O mundo inteiro sintonizado no hip hop.

Kendrick Lamar no halftime show do Super Bowl LIX: diretamente para os livros de história

Fotografia: Timothy A. Clary / AFP
Publicado a: 11/02/2025

Para protestar no concerto do intervalo do Super Bowl, o evento esportivo mais assistido do planeta (a expectativa era de 20 milhões de espectadores ao redor do mundo), é necessário ser estratégico e usar da sutileza para não desagradar patrocinadores, insultar as famílias tradicionais estadunidenses e correr o risco de ser processado por não seguir os direcionamentos. Um exemplo foi a cena de M.I.A. erguendo o dedo médio para as câmeras durante a apresentação da Madonna, em 2012, de quem era convidada. O Parents Television and Media Council fez um protesto contra a NFL e a NBC por supostamente contratarem artistas “que baseiam sua carreira no choque, na profanação e na excitação sexual”. A NBC pediu desculpas. Madonna disse que a atitude de M.I.A. foi de adolescente. E a cantora e rapper britânica/cingalesa recebeu uma multa inicial de 1,5 milhão de dólares, que na sequência foi aumentada para 16,6 milhões de dólares, e finalizada após um acordo entre as partes.

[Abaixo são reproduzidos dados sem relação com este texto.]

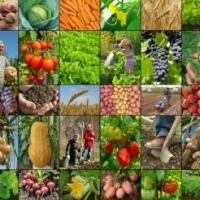 Deutsche Welle: Consecintele impozitarii agricultorilor romani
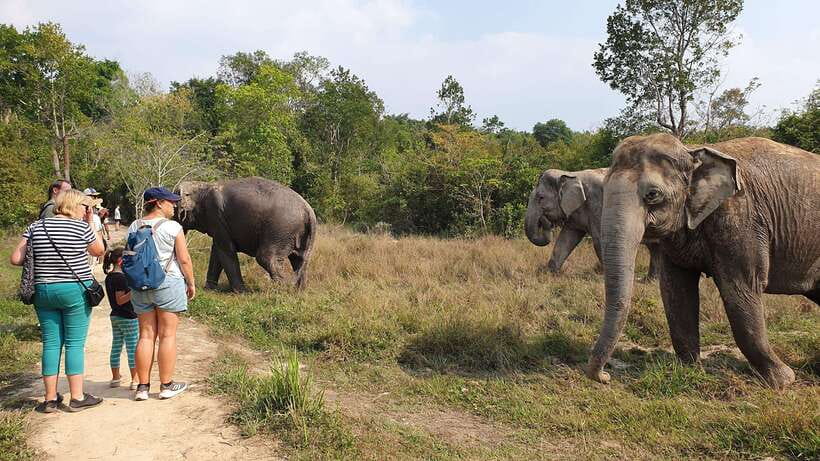 Kulen Elephant Forest & Tonlesap Lake - Entering Kulen: pickup, timing, and what to plan for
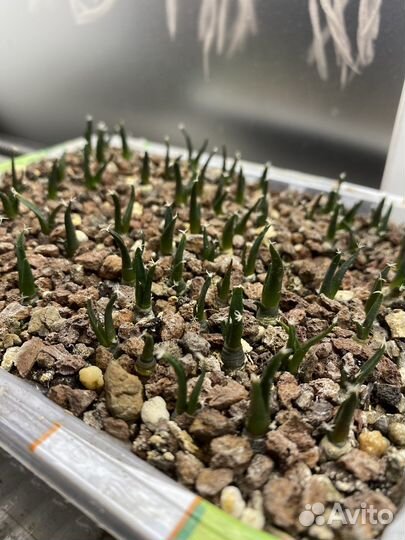 Кактус (Ариокарпус) Ariocarpus trigonus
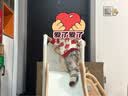 HERO THRIVE儿童滑滑梯室内1-3岁秋千组合攀爬架婴儿玩具0-3岁 奶白滑梯+篮框+音乐 实拍图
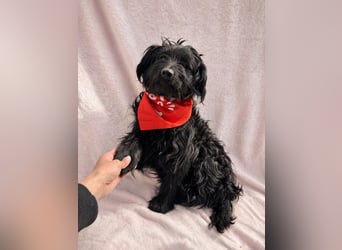 Bozont - Sanfter Schatz sucht geduldiges Zuhause *bald in 71711 Murrr*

Sabendo disso, Kendrick Lamar pensou em cada detalhe. Foi muito bem preparado. Inclusive na parte em que literalmente chama Drake de pedófilo, em “Not Like Us”, ele mudou para algo mais sutil, porém com o mesmo peso. Para uma performance de 13 minutos é necessário ser objetivo. No rap fica mais difícil porque é necessário criar um roteiro muito bem estruturado para que as temáticas possam se complementar. Sem muita pirotecnia, K.Dot entregou o que precisava ser entregue. Jogou o jogo, assim como o cenário baseado nos controles do PlayStation. Usou elementos da cultura de Los Angeles para se comunicar com o mundo. Porém, sua mensagem foi direcionada primeiramente aos seus compatriotas, talvez de uma forma indireta, e, claro, ao desafeto que o “fez” ganhar 5 Grammys com uma música feita quase que de brincadeira.

Olhando por cima, sem observar cada um dos detalhes, é possível dizer que Kendrick Lamar não foi crítico ao atual governador do seu país — que estava na plateia — nem que defendeu os seus. Mas levar as cores (deixando-as mais escuras que as tradicionais) das ruas de Los Angeles para o Superdome, em Nova Orleães, representando a união de dois lados diferentes — mesmo sendo as cores da bandeira americana —, é um ato subversivo. Exaltou a representatividade que cada cor tem na sua área (Compton). Também colocou pessoas negras como protagonistas no horário mais caro da TV estadunidense. Até o Tio Sam, incorporado por Samuel L. Jackson, era preto. Após o descuido da produção, um dos dançarinos levantou uma bandeira da Palestina, com a inscrição Sudão e Gaza. O responsável pelo protesto, não se sabe se solitário ou não, foi logo contido pelos seguranças. Uma repressão sentida desde sempre pelos próprios negros e, agora, ainda mais por latinos, que muito contribuíram pela cultura enaltecida por Lamar, e imigrantes.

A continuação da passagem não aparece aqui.